Los dos últimos meses han sido útiles para corroborar la afirmación precedente y diversos acontecimientos han aportado lo suyo para incrementar el alto nivel de desconfianza que la sociedad chilena tiene en sus elites dirigenciales. Los dardos ciudadanos se concentran, por supuesto, en los partidos políticos y en su expresión más notoria que son los parlamentarios.
Si se quisiera hacer un recuento de lo sucedido en estos sesenta días, tendríamos que recordar los casos individuales pero emblemáticos del diputado del sur del país que concurre a cumplir sus deberes (por los cuales el Estado chileno le paga suculentas sumas) con indubitado hálito alcohólico y del otro parlamentario que, tras ser reemplazado por sus propios compañeros de bancada vierte los peores epítetos contra estos y luego justifica su ordinariez en supuestas razones médicas que le impiden ejercer control sobre sus impulsos.
A un nivel más grave, encontramos los casos, denunciados en un trabajo de investigación periodística del medio digital CIPER, en que se demuestra, con datos duros, que diversos congresales, tanto diputados como senadores, tanto de un sector como de otro, han sido descubiertos utilizando los recursos que les son otorgados en asignaciones de combustibles para el cumplimiento de sus labores parlamentarias, para actividades que simplemente no corresponden ni legal ni moralmente.

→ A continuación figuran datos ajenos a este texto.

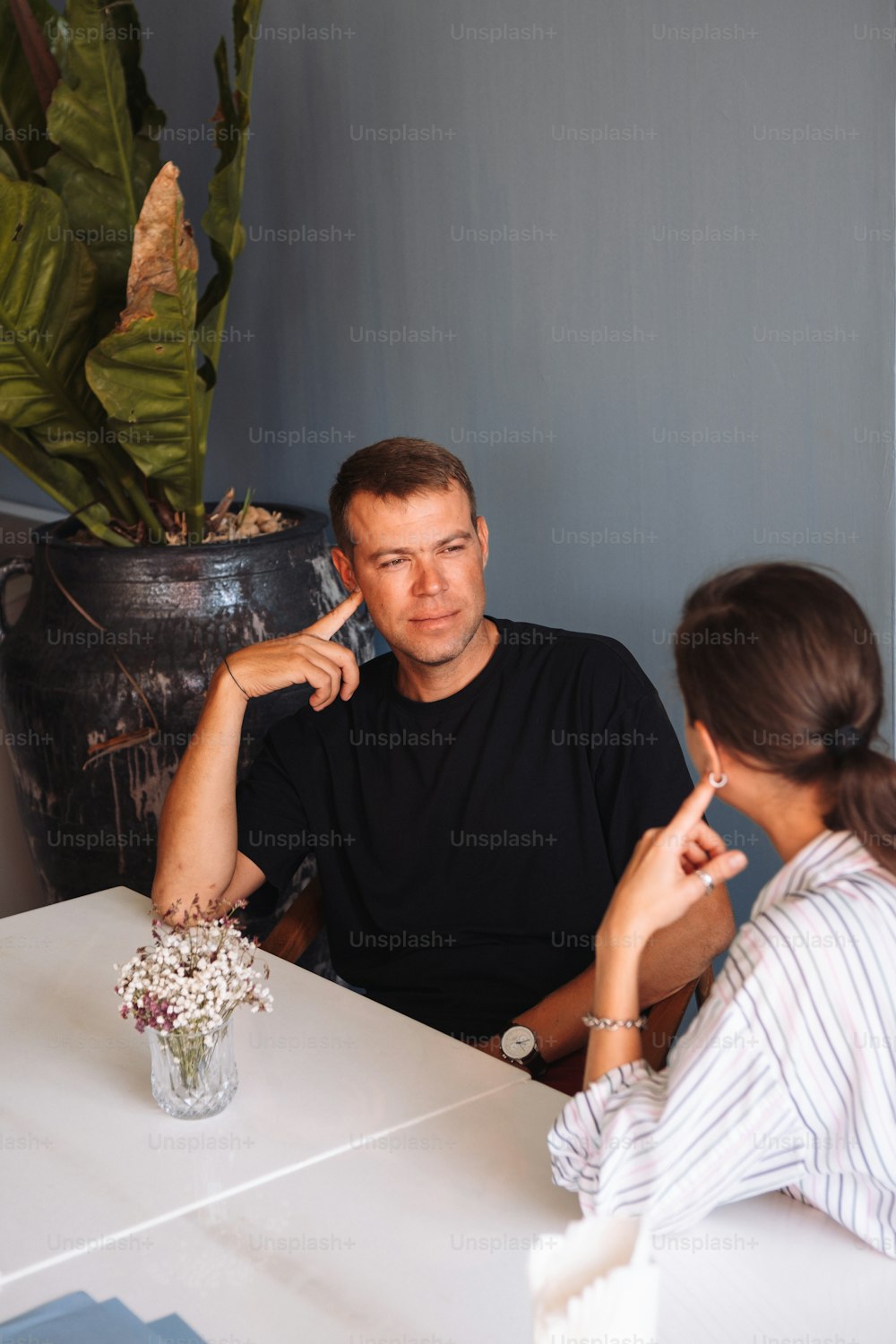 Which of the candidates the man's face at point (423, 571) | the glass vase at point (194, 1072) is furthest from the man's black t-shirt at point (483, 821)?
the glass vase at point (194, 1072)

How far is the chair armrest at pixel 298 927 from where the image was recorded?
2146 millimetres

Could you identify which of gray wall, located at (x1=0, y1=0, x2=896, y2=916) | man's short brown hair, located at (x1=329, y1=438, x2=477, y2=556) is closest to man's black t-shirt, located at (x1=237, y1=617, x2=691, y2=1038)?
man's short brown hair, located at (x1=329, y1=438, x2=477, y2=556)

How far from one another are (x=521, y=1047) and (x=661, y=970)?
0.70 feet

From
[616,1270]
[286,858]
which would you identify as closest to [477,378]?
[286,858]

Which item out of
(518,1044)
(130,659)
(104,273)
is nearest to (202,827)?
(518,1044)

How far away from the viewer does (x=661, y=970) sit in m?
1.85

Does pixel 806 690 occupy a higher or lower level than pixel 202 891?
higher

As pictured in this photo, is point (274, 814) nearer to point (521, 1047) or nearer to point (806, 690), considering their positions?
point (521, 1047)

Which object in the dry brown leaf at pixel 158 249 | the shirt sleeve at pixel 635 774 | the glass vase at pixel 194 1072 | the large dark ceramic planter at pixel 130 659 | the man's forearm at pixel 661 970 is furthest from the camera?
the large dark ceramic planter at pixel 130 659

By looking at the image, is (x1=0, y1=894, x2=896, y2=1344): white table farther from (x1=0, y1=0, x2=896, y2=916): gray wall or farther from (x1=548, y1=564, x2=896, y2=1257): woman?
(x1=0, y1=0, x2=896, y2=916): gray wall

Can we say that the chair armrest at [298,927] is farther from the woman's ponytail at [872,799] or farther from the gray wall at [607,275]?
the woman's ponytail at [872,799]

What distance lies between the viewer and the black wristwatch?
1855 millimetres

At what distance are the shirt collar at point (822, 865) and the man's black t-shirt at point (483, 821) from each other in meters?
0.76

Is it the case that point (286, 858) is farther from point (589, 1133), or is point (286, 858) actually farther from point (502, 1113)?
point (589, 1133) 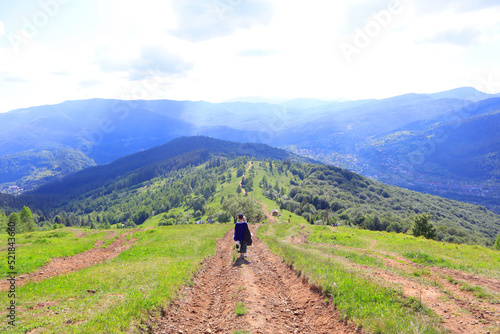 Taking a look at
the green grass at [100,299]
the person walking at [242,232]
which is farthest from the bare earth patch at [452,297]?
the green grass at [100,299]

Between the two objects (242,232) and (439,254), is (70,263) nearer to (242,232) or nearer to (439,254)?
(242,232)

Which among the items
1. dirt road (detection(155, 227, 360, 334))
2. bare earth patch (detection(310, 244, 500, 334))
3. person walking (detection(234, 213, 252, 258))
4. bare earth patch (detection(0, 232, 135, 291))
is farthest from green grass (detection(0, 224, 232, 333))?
bare earth patch (detection(310, 244, 500, 334))

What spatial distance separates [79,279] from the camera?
1781 cm

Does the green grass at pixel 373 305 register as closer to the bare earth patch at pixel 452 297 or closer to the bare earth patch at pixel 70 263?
the bare earth patch at pixel 452 297

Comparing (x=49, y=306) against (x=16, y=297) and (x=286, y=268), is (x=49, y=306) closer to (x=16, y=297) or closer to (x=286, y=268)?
(x=16, y=297)

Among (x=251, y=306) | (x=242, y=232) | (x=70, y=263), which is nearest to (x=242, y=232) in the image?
(x=242, y=232)

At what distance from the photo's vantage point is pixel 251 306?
12.8 m

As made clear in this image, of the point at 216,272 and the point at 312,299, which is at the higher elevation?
the point at 312,299

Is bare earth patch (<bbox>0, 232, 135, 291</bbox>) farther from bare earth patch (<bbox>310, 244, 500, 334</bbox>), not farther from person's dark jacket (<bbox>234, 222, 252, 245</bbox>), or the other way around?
bare earth patch (<bbox>310, 244, 500, 334</bbox>)

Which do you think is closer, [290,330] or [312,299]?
[290,330]

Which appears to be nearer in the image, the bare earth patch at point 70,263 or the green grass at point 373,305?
the green grass at point 373,305

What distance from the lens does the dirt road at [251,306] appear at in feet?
36.8

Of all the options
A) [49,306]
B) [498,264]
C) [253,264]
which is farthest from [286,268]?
[498,264]

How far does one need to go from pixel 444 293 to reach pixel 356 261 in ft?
31.7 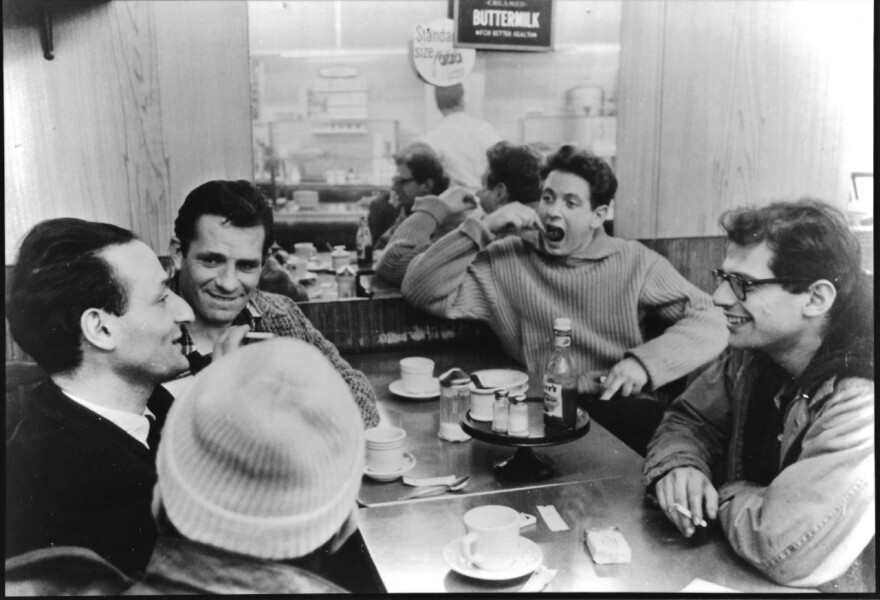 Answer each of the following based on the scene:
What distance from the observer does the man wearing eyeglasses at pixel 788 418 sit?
1417mm

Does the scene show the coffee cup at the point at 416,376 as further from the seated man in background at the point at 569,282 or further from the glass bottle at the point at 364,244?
the glass bottle at the point at 364,244

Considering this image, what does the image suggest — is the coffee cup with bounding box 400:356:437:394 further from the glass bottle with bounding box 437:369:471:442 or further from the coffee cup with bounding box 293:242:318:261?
the coffee cup with bounding box 293:242:318:261

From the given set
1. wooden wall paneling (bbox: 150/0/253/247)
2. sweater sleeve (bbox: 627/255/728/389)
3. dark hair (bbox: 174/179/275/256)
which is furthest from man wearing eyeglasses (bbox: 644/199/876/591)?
wooden wall paneling (bbox: 150/0/253/247)

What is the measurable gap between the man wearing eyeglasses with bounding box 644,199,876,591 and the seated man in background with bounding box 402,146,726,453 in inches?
26.6

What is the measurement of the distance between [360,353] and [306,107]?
0.75m

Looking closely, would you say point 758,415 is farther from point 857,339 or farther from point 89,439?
point 89,439

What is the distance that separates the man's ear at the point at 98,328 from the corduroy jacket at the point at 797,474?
1.10 metres

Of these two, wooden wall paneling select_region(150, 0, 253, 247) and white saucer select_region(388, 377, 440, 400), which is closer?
wooden wall paneling select_region(150, 0, 253, 247)

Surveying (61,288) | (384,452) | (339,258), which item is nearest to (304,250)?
(339,258)

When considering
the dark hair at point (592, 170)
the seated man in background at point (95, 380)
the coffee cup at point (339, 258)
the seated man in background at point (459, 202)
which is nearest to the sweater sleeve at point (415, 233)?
the seated man in background at point (459, 202)

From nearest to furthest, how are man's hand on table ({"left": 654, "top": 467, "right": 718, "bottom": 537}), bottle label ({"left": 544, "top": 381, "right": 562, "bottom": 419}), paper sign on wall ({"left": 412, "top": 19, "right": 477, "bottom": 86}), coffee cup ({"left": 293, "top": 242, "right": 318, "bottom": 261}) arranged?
man's hand on table ({"left": 654, "top": 467, "right": 718, "bottom": 537}), bottle label ({"left": 544, "top": 381, "right": 562, "bottom": 419}), paper sign on wall ({"left": 412, "top": 19, "right": 477, "bottom": 86}), coffee cup ({"left": 293, "top": 242, "right": 318, "bottom": 261})

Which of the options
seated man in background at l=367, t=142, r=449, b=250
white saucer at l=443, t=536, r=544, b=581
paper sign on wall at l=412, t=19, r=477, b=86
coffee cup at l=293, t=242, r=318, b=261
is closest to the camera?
white saucer at l=443, t=536, r=544, b=581

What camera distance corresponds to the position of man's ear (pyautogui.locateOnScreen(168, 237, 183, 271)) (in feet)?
5.02

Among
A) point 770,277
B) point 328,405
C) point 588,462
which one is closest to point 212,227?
point 328,405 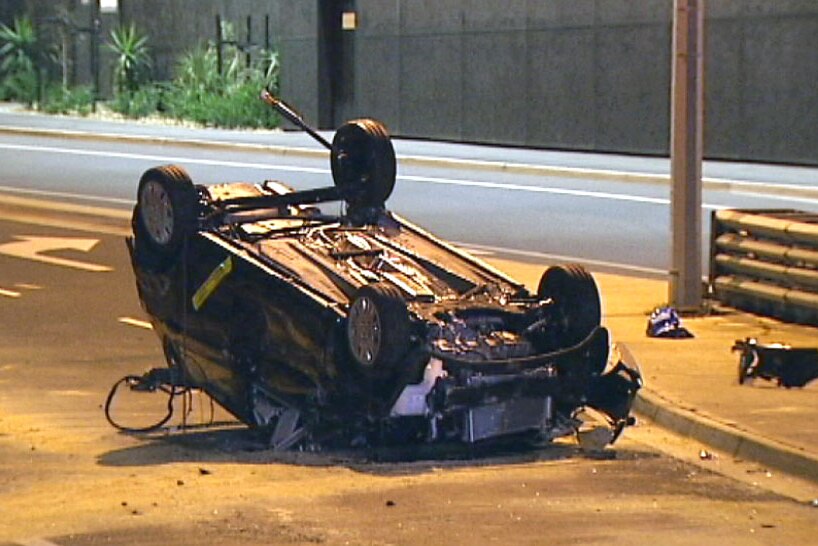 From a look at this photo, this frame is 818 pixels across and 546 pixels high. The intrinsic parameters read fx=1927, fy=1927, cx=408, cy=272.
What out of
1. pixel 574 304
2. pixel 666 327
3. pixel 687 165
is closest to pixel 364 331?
pixel 574 304

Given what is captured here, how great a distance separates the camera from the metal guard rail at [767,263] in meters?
14.0

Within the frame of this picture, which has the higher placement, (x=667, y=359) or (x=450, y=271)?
(x=450, y=271)

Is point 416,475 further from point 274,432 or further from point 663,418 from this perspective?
point 663,418

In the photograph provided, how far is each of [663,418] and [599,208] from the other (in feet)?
43.7

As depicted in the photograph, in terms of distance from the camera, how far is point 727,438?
1014 cm

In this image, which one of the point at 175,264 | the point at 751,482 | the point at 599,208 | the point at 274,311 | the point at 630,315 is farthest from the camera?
the point at 599,208

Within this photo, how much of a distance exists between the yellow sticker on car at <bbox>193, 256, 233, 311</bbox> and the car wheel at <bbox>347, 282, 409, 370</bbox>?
1.02 m

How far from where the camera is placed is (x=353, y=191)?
11172 millimetres

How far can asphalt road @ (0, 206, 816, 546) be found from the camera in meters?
8.11

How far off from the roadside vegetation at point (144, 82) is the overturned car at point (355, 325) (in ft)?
96.4

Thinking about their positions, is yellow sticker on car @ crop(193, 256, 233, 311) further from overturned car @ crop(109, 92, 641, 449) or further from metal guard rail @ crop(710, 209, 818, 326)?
metal guard rail @ crop(710, 209, 818, 326)

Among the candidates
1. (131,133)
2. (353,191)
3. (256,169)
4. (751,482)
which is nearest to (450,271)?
(353,191)

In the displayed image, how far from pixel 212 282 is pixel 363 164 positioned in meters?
1.38

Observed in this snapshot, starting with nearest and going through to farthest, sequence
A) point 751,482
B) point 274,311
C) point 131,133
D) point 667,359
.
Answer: point 751,482, point 274,311, point 667,359, point 131,133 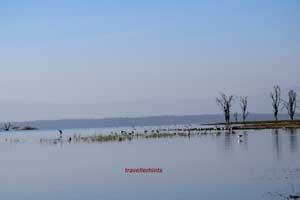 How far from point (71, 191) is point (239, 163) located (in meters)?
14.9

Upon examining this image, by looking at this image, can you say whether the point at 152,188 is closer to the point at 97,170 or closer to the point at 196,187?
the point at 196,187

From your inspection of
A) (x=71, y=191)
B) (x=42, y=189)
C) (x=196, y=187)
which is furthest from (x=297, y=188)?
(x=42, y=189)

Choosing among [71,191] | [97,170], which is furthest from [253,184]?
[97,170]

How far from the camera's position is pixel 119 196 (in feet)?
95.9

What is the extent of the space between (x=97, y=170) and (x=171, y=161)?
670 cm

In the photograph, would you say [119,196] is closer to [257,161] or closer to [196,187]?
[196,187]

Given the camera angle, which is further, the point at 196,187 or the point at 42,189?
the point at 42,189

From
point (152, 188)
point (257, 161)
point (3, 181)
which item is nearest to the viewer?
point (152, 188)

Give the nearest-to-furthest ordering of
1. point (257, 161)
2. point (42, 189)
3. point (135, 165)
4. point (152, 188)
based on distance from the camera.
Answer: point (152, 188) → point (42, 189) → point (257, 161) → point (135, 165)

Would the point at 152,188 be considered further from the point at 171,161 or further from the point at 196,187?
the point at 171,161

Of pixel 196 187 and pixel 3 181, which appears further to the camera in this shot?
pixel 3 181

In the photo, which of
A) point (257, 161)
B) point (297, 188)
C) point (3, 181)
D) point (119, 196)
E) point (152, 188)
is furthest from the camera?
point (257, 161)

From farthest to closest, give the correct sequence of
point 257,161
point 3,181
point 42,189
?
point 257,161
point 3,181
point 42,189

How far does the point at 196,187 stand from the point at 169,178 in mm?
4862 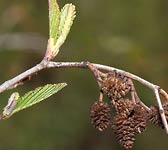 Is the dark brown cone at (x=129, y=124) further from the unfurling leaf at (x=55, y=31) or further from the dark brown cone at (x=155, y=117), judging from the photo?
the unfurling leaf at (x=55, y=31)

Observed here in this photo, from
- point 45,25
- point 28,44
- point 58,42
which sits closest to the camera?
point 58,42

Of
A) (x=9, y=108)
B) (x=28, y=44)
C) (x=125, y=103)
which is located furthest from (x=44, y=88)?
(x=28, y=44)

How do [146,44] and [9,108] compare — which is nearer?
[9,108]

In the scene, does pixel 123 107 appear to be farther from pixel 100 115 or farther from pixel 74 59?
pixel 74 59

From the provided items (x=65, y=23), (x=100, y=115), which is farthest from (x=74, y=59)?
(x=100, y=115)

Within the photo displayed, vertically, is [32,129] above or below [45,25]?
below

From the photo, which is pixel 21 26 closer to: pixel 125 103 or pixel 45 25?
pixel 45 25

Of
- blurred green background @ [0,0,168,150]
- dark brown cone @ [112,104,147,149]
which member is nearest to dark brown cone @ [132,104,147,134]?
dark brown cone @ [112,104,147,149]

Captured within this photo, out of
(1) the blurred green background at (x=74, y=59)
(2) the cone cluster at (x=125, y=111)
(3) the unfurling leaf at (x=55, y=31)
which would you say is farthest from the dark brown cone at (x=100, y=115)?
(1) the blurred green background at (x=74, y=59) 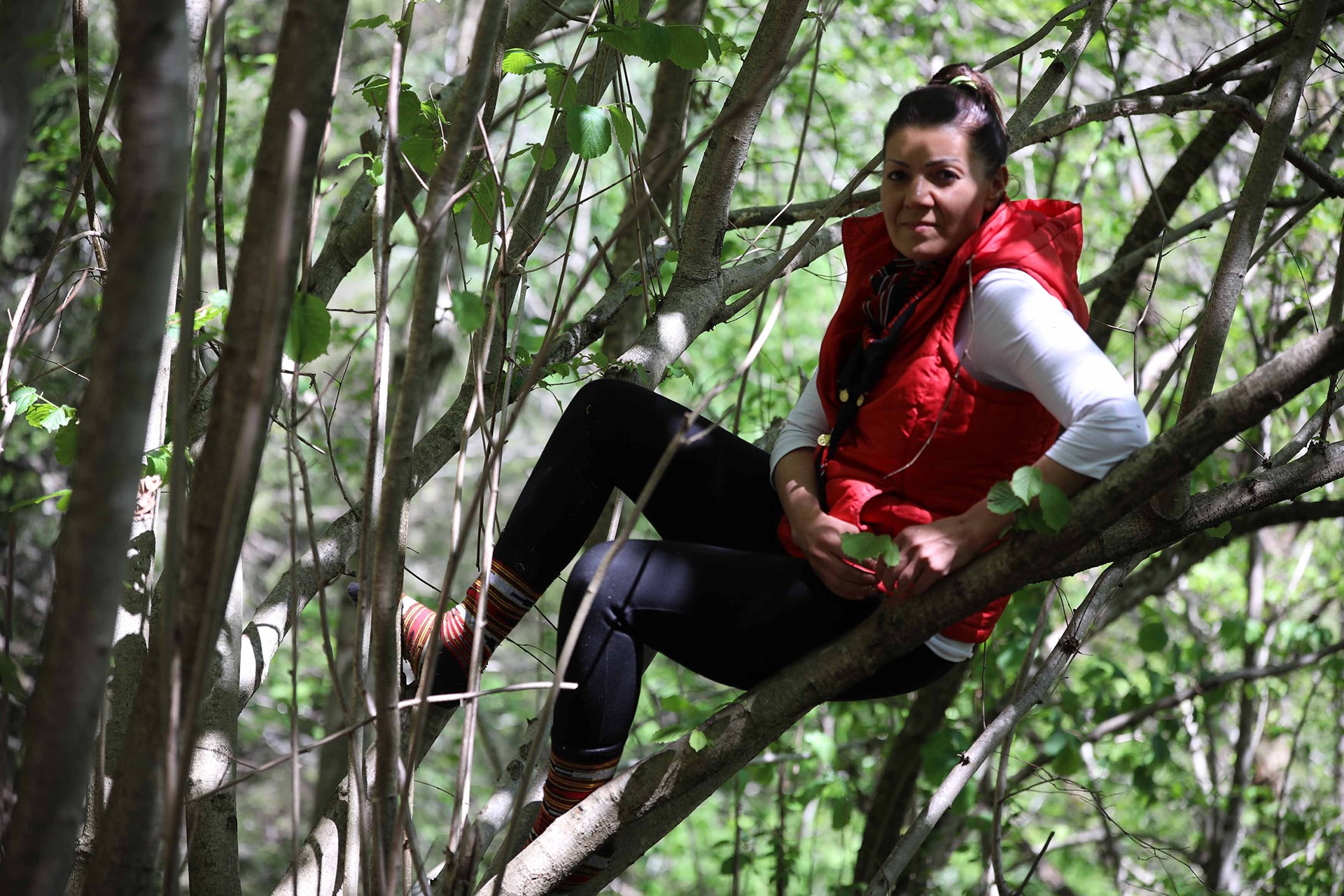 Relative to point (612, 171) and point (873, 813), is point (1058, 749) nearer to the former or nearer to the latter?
point (873, 813)

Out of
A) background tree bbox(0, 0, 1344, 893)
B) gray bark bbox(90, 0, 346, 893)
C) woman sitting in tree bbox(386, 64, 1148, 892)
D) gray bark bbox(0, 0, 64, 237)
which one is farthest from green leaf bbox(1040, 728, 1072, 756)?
gray bark bbox(0, 0, 64, 237)

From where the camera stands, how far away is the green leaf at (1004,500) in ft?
3.94

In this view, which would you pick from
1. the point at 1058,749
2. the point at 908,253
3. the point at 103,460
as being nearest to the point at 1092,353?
the point at 908,253

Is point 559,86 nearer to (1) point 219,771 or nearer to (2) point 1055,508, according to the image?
(2) point 1055,508

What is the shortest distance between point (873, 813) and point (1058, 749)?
599 mm

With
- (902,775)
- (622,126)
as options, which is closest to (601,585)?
(622,126)

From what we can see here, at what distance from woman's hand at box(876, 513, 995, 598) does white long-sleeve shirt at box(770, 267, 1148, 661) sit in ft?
0.44

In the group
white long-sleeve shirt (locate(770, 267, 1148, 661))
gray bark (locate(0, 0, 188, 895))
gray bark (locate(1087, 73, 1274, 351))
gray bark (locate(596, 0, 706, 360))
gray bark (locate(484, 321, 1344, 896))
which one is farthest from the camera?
gray bark (locate(1087, 73, 1274, 351))

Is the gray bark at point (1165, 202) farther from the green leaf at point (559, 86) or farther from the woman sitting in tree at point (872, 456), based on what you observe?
the green leaf at point (559, 86)

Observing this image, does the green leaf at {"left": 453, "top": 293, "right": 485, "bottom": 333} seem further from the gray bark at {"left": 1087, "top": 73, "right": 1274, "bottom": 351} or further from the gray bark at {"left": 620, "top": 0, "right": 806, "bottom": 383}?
the gray bark at {"left": 1087, "top": 73, "right": 1274, "bottom": 351}

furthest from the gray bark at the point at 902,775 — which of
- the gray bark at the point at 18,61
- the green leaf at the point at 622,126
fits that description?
the gray bark at the point at 18,61

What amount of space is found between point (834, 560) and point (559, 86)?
77 cm

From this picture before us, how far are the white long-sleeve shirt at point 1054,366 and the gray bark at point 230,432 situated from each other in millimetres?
851

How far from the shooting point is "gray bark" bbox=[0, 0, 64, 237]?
0.90 meters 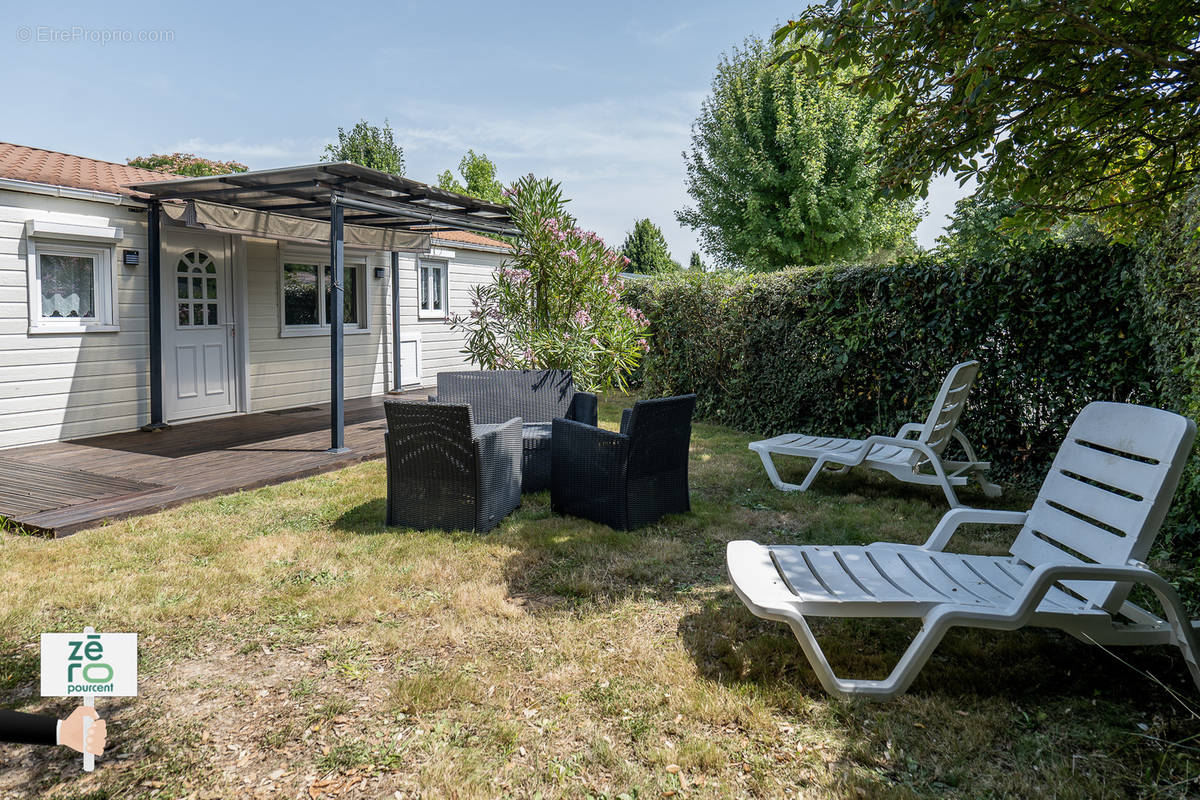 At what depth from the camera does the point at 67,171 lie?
7.96m

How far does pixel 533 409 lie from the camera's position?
6379 mm

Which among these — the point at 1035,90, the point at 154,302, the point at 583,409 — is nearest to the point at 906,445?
the point at 1035,90

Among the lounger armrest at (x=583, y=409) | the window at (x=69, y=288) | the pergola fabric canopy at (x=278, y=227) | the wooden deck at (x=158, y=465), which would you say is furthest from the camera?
the pergola fabric canopy at (x=278, y=227)

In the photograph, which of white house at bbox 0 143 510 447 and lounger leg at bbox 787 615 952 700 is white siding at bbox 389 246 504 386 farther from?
lounger leg at bbox 787 615 952 700

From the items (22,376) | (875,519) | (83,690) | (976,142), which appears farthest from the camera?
(22,376)

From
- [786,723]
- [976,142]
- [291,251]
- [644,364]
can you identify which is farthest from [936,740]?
[291,251]

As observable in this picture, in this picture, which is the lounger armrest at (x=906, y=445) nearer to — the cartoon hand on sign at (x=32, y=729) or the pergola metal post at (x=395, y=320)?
the cartoon hand on sign at (x=32, y=729)

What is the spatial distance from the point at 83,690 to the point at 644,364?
30.3 feet

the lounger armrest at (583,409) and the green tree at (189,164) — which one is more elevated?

En los momentos en que todas las encuestas y estudios de opinión coinciden unánimemente en que la principal preocupación de la gente radica en la seguridad y el orden público, lo que implica el tratamiento del problema de la delincuencia ligado cada vez más al tráfico de drogas, resulta inaceptable que la Fiscalía Nacional, principal ente persecutor, permanezca acéfala durante semanas y semanas en un proceso que se vislumbra entrampado con graves consecuencias para la población. En un procedimiento que teóricamente resulta sano y conveniente –como es la participación de los tres poderes del Estado en la génesis del nombre que sustituirá al Fiscal Abbot – es claro que no se ha actuado con el nivel de responsabilidad que el caso amerita. La Corte Suprema de Justicia ha dado un mal ejemplo en la materia, al recibir en audiencia preliminar a los diecisiete postulantes, otorgando un tiempo de diez minutos a cada uno para su presentación y exposición hecho que por sí mismo demuestra la liviandad con que se ha abordado el problema. Los pasos siguientes, tanto en el Ejecutivo como en el Senado, han completado el bochorno.
Otro hecho destacable negativamente, lo constituye la prosecución del ciclo tendiente a otorgar al país una nueva Carta Fundamental. El plebiscito del 4 de septiembre marcó un hito en cuanto a que la determinación ciudadana rechazó por abrumadora mayoría el “producto” del trabajo de la Convención Constituyente. Sin embargo, es indiscutible que la decisión precedente del país en cuanto a que se deseaba una nueva Constitución sigue vigente, lo que obliga a reencauzar los procedimientos con el fin de lograr concretar un trabajo serio, orgánico y participativo en un lapso racional de tiempo. Hasta ahora solo se ha visto en la materia una lucha por cuotas de poder que resulta frustrante.
El cuestionable panorama descrito obliga a una respuesta ciudadana contundente en cuanto a exigir parámetros cada vez más alto en cuanto al comportamiento de la clase política. Conductas como las descritas (aunque el espectro podría ampliarse sin mayores problemas) corroen la esencia sustantiva del sistema democrático y terminan abriendo paso a dolorosas experiencias populistas de ultraderecha.